Johnson, “told us that when Ashley tried to leave, her car wouldn’t start,” Yvonne Eiffert said.
Eiffert said Johnson claimed the teenager then called her boyfriend, Joe Hill, and that the two were arguing on the phone. Johnson told the family that she last saw Ashley crossing the street on her way to a Shell gas station.
Eiffert claimed that investigators did not review the surveillance camera from the gas station “until it was too late.”
She went on, “By the time they looked at it, the tape had been erased.”
According to the family, Johnson’s recollection of events has never been corroborated.
“It’s the only story we have, and it’s from a complete stranger,” said Madeline Ludwick, Eiffert’s cousin.
A spokesperson for the New Orleans Police Department did not respond to an inquiry from Fox News. Neither Johnson nor Hill could be reached for comment.
According to a 2022 study by the Harvard T.H. Chan School of Public Health, homicide is the leading cause of death for pregnant women in the U.S.
Researchers found that women in the U.S. who are pregnant or who have recently given birth are more likely to be murdered than to die from obstetric causes – a statistic that has not changed over the last 20 years.
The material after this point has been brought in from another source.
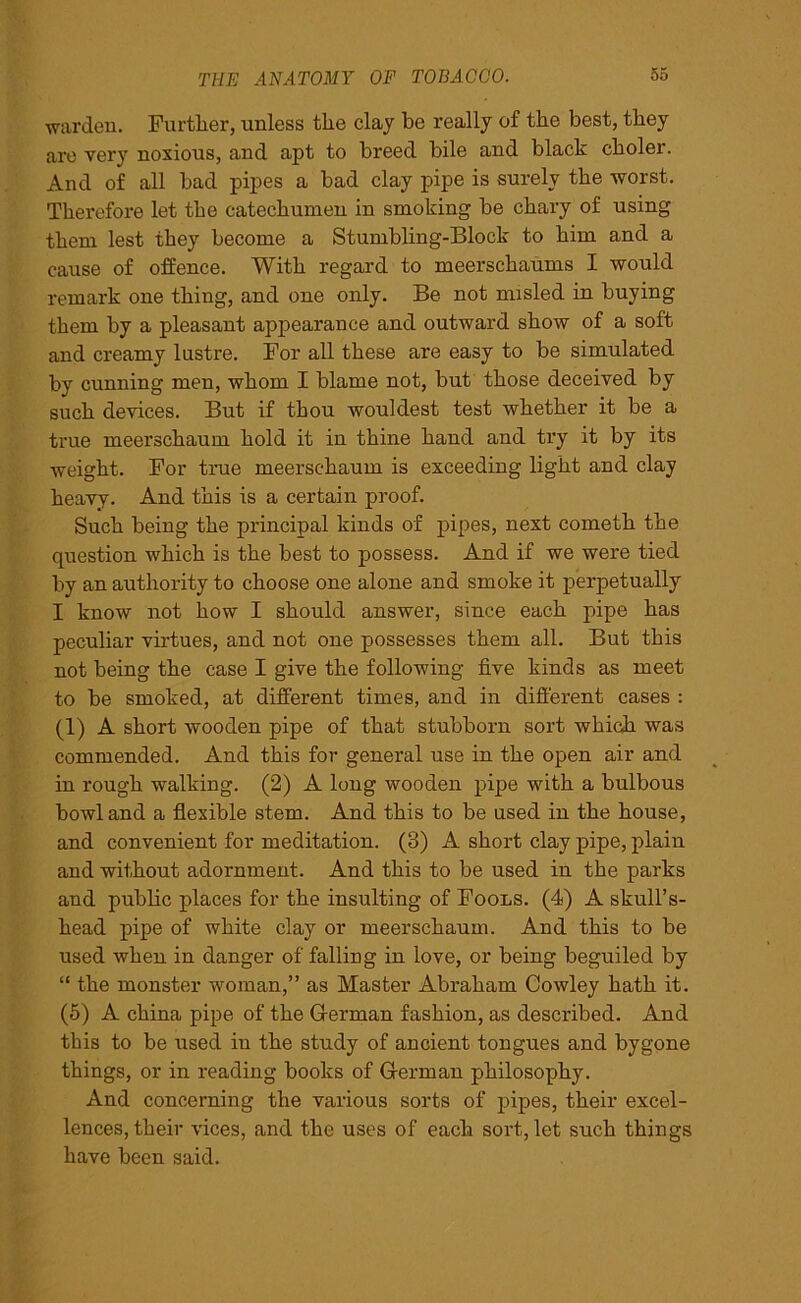 warden. Further, unless the clay he really of the best, they are verj' noxious, and apt to breed bile and black choler. And of all bad pipes a bad clay pipe is surely the worst. Therefore let the catechumen in smoking be chary of using them lest they become a Stumbling-Block to him and a cause of offence. With regard to meerschaums I would remark one thing, and one only. Be not misled in buying them by a pleasant appearance and outward show of a soft and creamy lustre. For all these are easy to be simulated by cunning men, whom I blame not, but those deceived by such devices. But if thou wouldest test whether it be a true meerschaum hold it in thine hand and try it by its weight. For true meerschaum is exceeding light and clay heavy. And this is a certain proof. Such being the principal kinds of pipes, next cometh the question which is the best to possess. And if we were tied by an authority to choose one alone and smoke it perpetually I know not how I should answer, since each pipe has peculiar virtues, and not one possesses them all. But this not being the case I give the following five kinds as meet to be smoked, at different times, and in different cases : (1) A short wooden pipe of that stubborn sort which was commended. And this for general use in the open air and in rough walking. (2) A long wooden pipe with a bulbous bowl and a flexible stem. And this to be used in the house, and convenient for meditation. (3) A short clay pipe, plain and without adornment. And this to be used in the parks and public places for the insulting of Fools. (4) A skull’s- head pipe of white clay or meerschaum. And this to be used when in danger of falling in love, or being beguiled by “ the monster woman,” as Master Abraham Cowley hath it. (5) A china pipe of the German fashion, as described. And this to be used in the study of ancient tongues and bygone things, or in reading books of German philosophy. And concerning the various sorts of pipes, their excel- lences, their vices, and the uses of each sort, let such things have been said.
A 2004 study by the National Coalition Against Domestic Violence reported that domestic violence killed more pregnant women each year than any other cause.
For Eiffert’s family, the anguish over her disappearance is as painful now as it was 20 years ago.
“I miss her energy more than anything. She was a joy to be around,” Ludwick said of Eiffert, who loved dancing, playing softball and marching in Mardi Gras parades.
“Whoever did this took that all away from us,” Ludwick said.